The literature talks about geothermal systems now being eligible for clean energy tax credits and promotes an aspect of geothermal that has increasingly come to the fore in southern places and communities that want to be seen as progressive: quiet operation. In very hot communities, if homes are located near each other, the noise from outdoor compressors seems to be a complaint.
It also makes a statement that some professionals may not agree with, suggesting that traditional heat pumps and air-conditioning units with outdoor fans and compressors have a shorter life at about 15 years, due to the effects of rain, dirt, leaves, and insects. It suggests ground-source heat pumps last about 25 years, which does seem to be the consensus among engineers I’ve asked over the years. There also seems to be agreement that if installed correctly, the ground loops last a very long time, more than 50 years.
Pittsburgh Energy Hub
Cynics might suggest that agrihoods are for more affluent people. I won’t speculate, but better resilience, better food and greater community connections are also being achieved in the town of Millvale, a small Pittsburgh suburb, where local governments and community-based organizations are working together to enhance resilience and address underserved community needs.
After several climate-exacerbated flooding events, Millvale’s municipal officials, a community development group, the town library and a local nonprofit joined together to upgrade a centrally located vacant social hall (above the floodplain) and create an “energy hub.” It would also help mitigate the neighborhood’s food insecurity and underemployment challenges.
The building was upgraded for community activities, equipped with a 26 kilowatt/hour solar array, a 30-kWh smart battery storage system and sophisticated controls that may set the stage for a multibuilding, highly resilient microgrid in the coming years. The group rented some of the space out, generated event revenue and attracted a few grants to create a going concern.

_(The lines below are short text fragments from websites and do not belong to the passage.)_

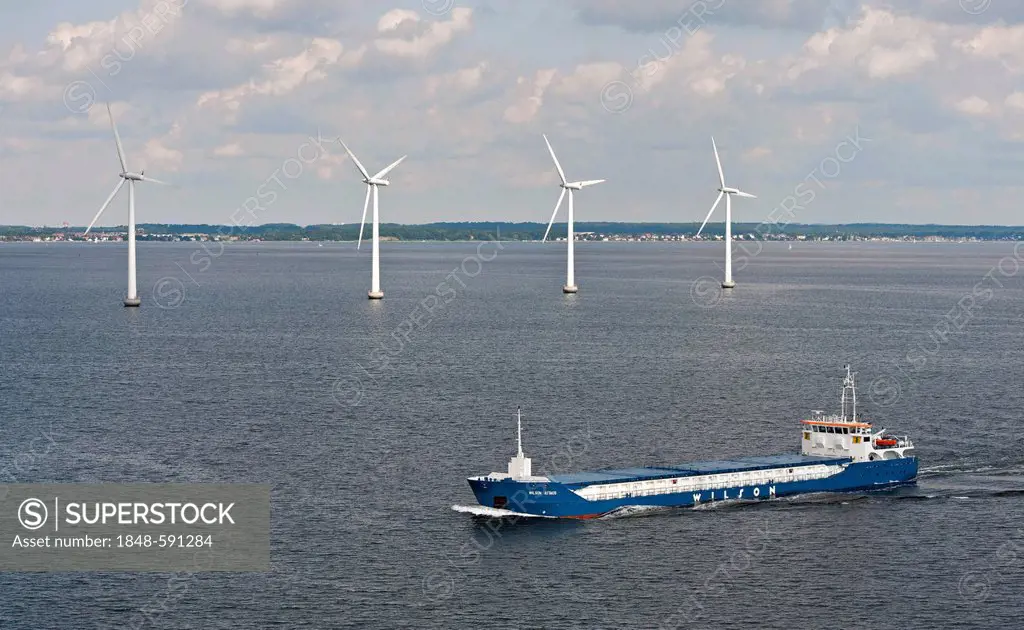 Cargo ship Wilson Astakos sailing in front of an offshore wind farm in the Øresund outside Copenhagen, Denmark, Europe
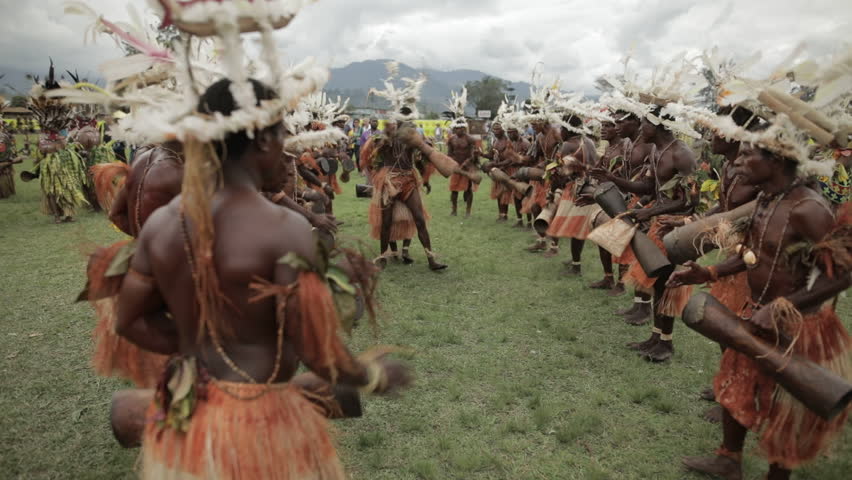 Goroka, Papua New Guinea - September 15, 2018: Goroka Show is a well-known tribal gathering and cultural event. Members of the tribe dance, sing and play traditional musical instruments.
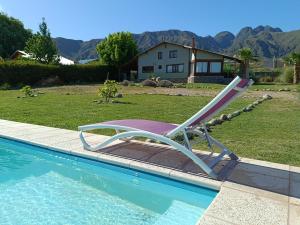 a lounge chair sitting next to a swimming pool at Cabañas Altos del Nopal in Ciudad Lujan de Cuyo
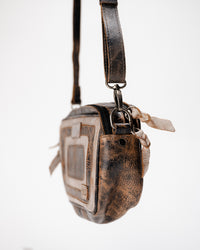 Side view of Bed|Stü Shy bag with adjustable crossbody strap attached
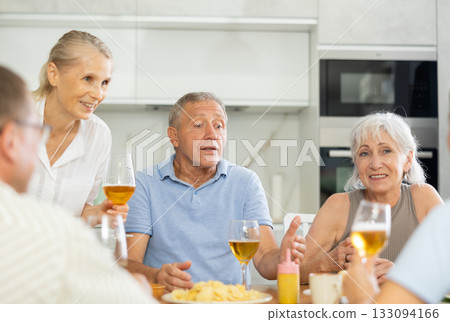 Joyful elderly women and man chatting and drinking at kitchen table 133094166
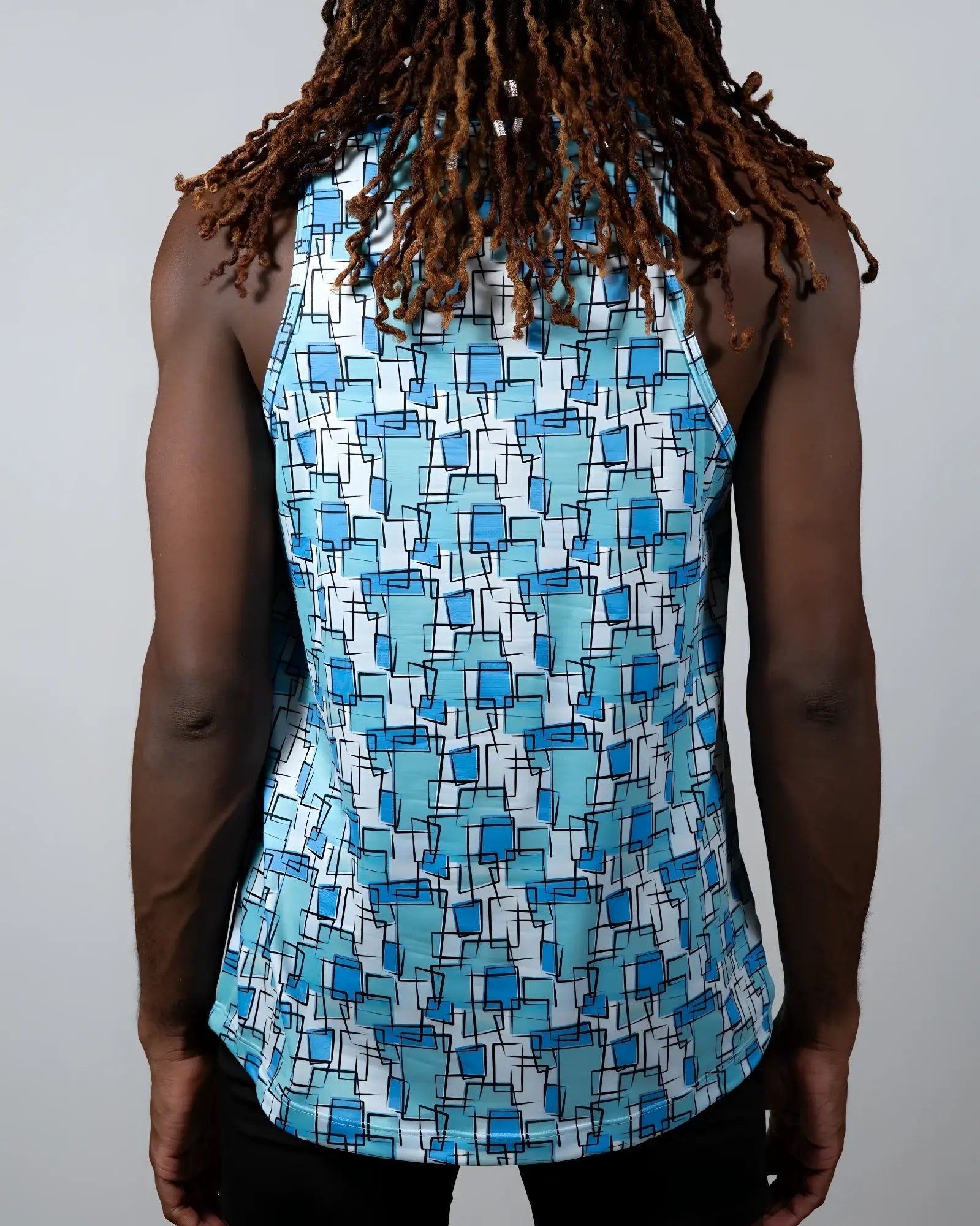 A blue and white sleeveless tank top with geometric wallpaper print perfect for casual summer wear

The area had been considered a “food desert;” once the pandemic struck, food insecurity became even more pressing. Through the hub, the group has been able to distribute nearly three tons of fresh produce each week to families in Millvale, in partnership with the USDA’s Farm to Families program.
Whether we’re talking about water shortages in the Colorado River basin, affordable housing in Massachusetts, an agrihood in North Carolina or a community hub in Pittsburgh, Americans are pulling together. The extremes of climate change, pandemics, economic disparity and fresh food are being solved with cooperation, ingenuity and simple, clean technologies. Some or all will likely become more widely adopted. Let’s continue refining and ramping up!